In both absolute and per capita terms, healthcare spending grew substantially across Southeast Asia in recent years. According to data from the World Health Organization, per capita healthcare spending growth was particularly high in Indonesia, the Philippines and Myanmar. Growth exceeded 30% in most other Southeast Asian countries over the past four years.
As one might expect, average per capita spending in Southeast Asia remains relatively small by developed-world standards, but nonetheless leads several other developing world regions, including South Asia, Sub-Saharan Africa and the MENA region. As a region, average per capita spending in Southeast Asia grew at a healthy 37.3%, putting it roughly on par with other high-growth developing regions like South Asia and Latin America.

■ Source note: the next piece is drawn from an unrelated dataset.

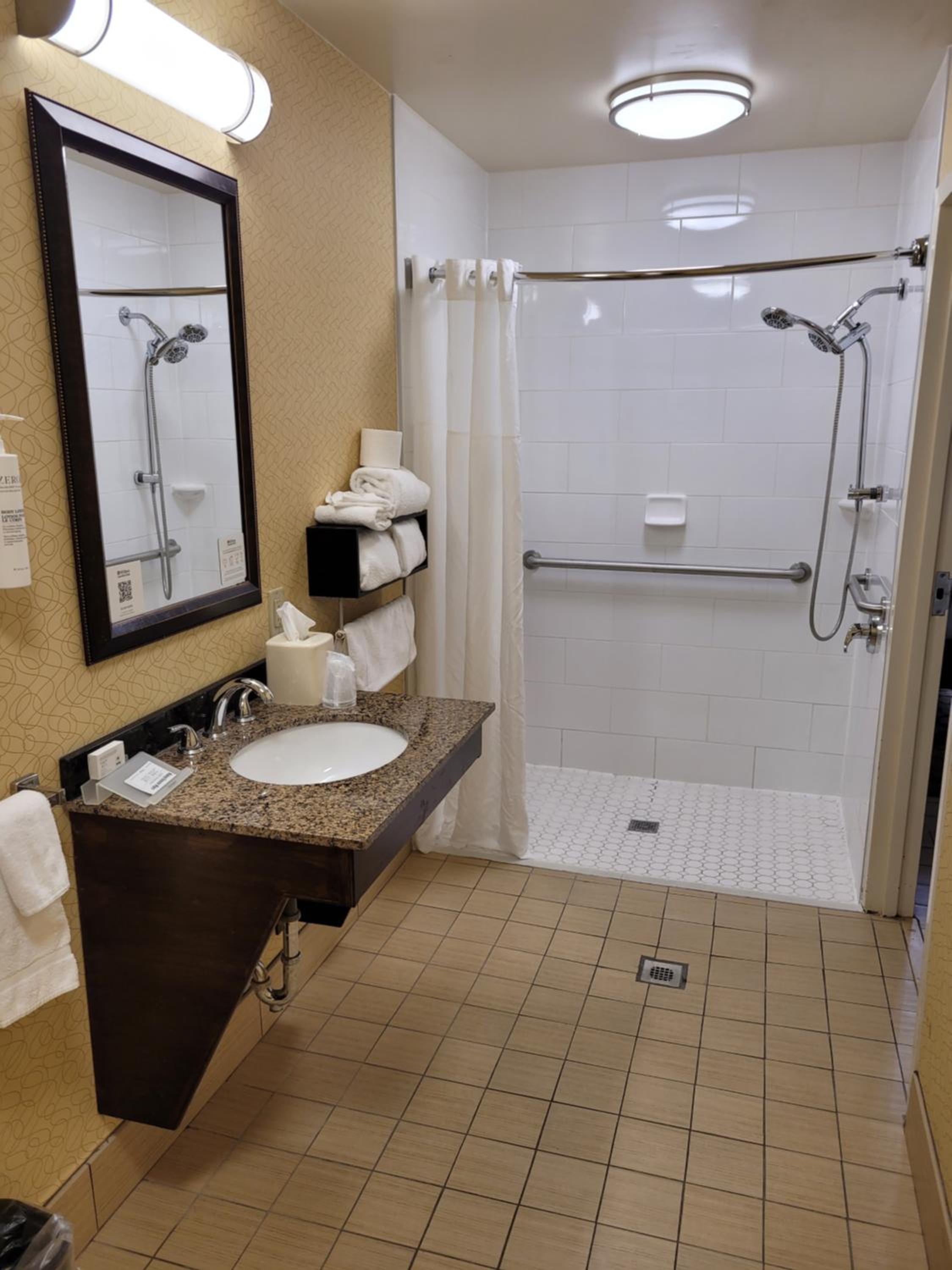 Double Room with Two Double Beds - Mobility Access - Photo 3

Despite healthy per capita spending, however, Southeast Asian countries on average spend less on healthcare as a percentage of GDP than any other region in the world. While North America and the European Union spent 17.2% and 10.2% of their GDP on healthcare respectively in 2012, Southeast Asia only spent 3.9% that same year. This is less than poorer regions like Sub-Saharan Africa and South Asia.
Of course, healthcare spending as a percentage of GDP differs materially between Southeast Asian countries. Vietnam leads the region in this regard, with 6.6% of its GDP having gone towards healthcare in 2012. Myanmar, which was formerly ruled by a military junta that prioritized military spending over most public services, lags the region by a wide margin. Most other countries fall closer to the median.

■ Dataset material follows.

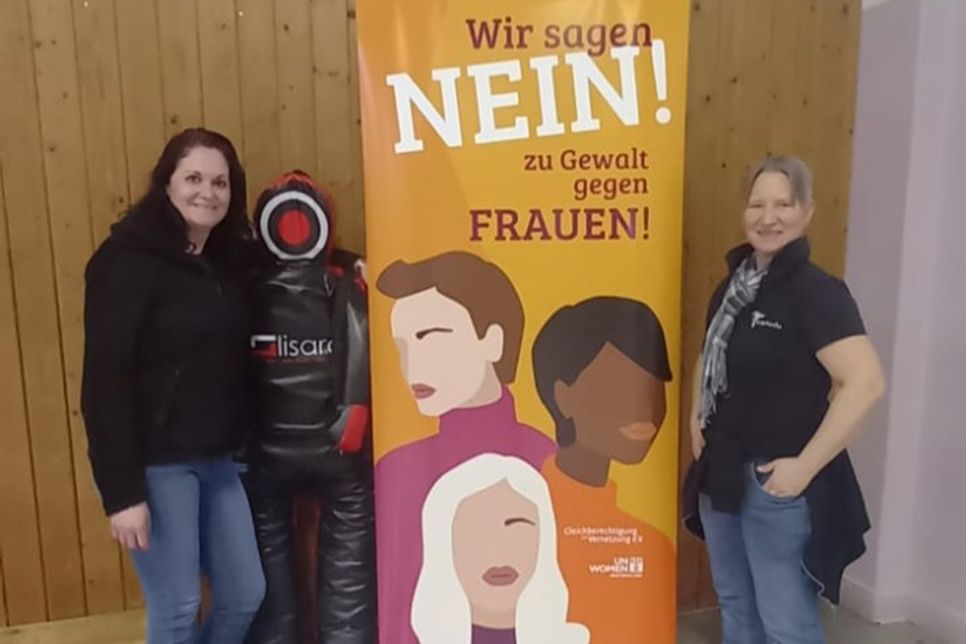 Gleichstellungsbeauftragte Verena Schnitzler und Trainerin Martina Wagner (v. lks.).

At BDG, we believe that fast-growing per capita spending coupled with low overall spending as a percentage of GDP creates big opportunities for healthcare companies of virtually all types, from device manufacturers to healthcare information systems to pharmaceutical companies and everything in between. The region also has a robust medical tourism market, since countries like Singapore, Thailand and Malaysia offer high-quality services at relatively low prices for international travelers from the developed world.

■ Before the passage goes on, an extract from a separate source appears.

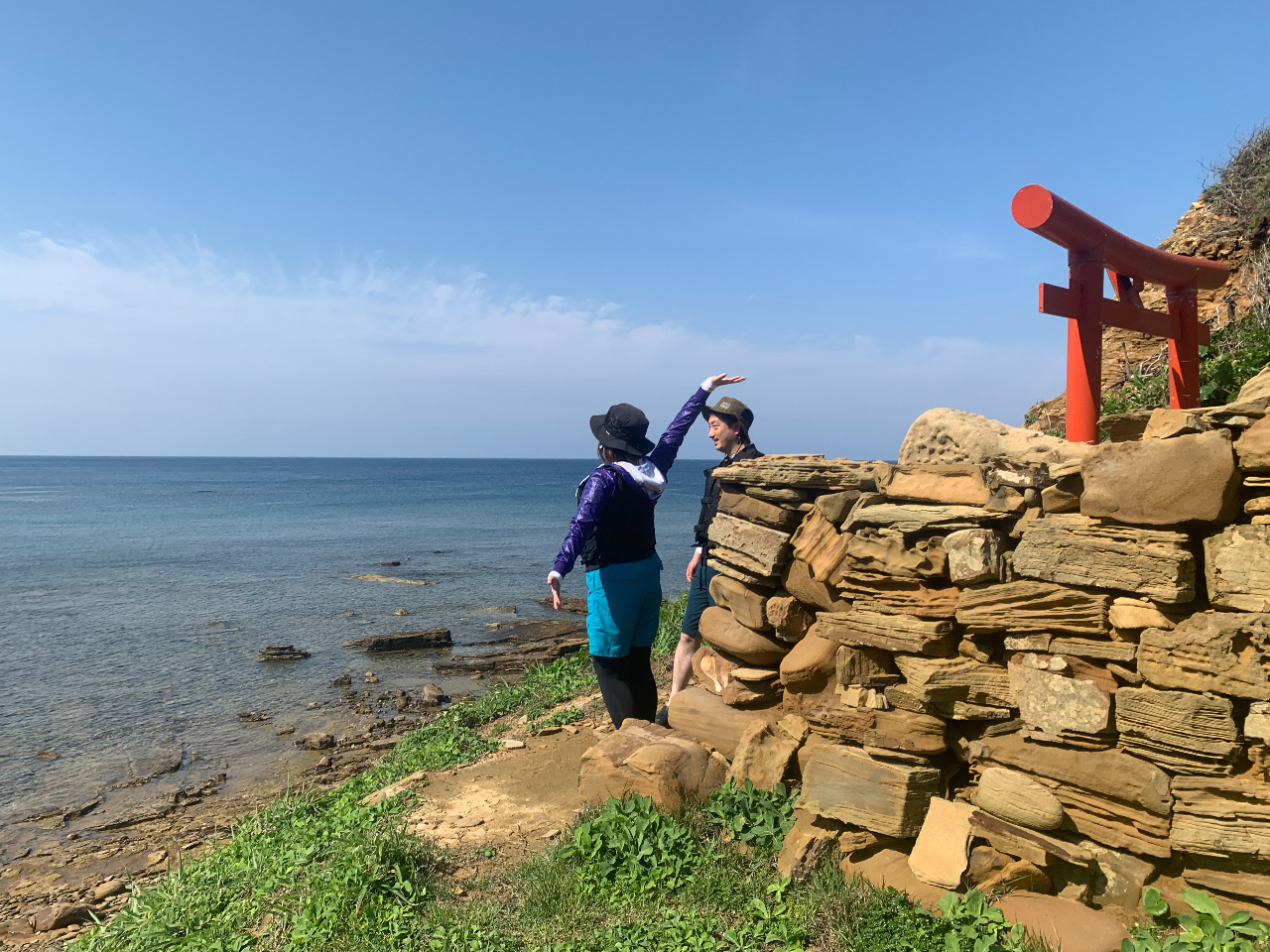 条件が整えば、海からしか見えない神社を見に行くことも!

In general, Southeast Asia’s consumer markets are on fire due to strong economic growth, a growing middle class and other favorable economic circumstances. These strong consumer demographics will drive demand for greater access to higher-quality healthcare services in many key markets. Of course, the opportunity differs substantially between ASEAN countries, which fall into varying income brackets and have different overall levels of economic development. Regulatory policies, entry costs, cultures and other factors are far from uniform in this diverse region.
Opportunities in the healthcare sector are offset by many challenges, including market fragmentation, regulatory changes, IP protection issues, urban-rural divides, and other barriers to entry. In future articles, BDG will explore some of the specific challenges and market forces impacting Southeast Asia’s healthcare space today.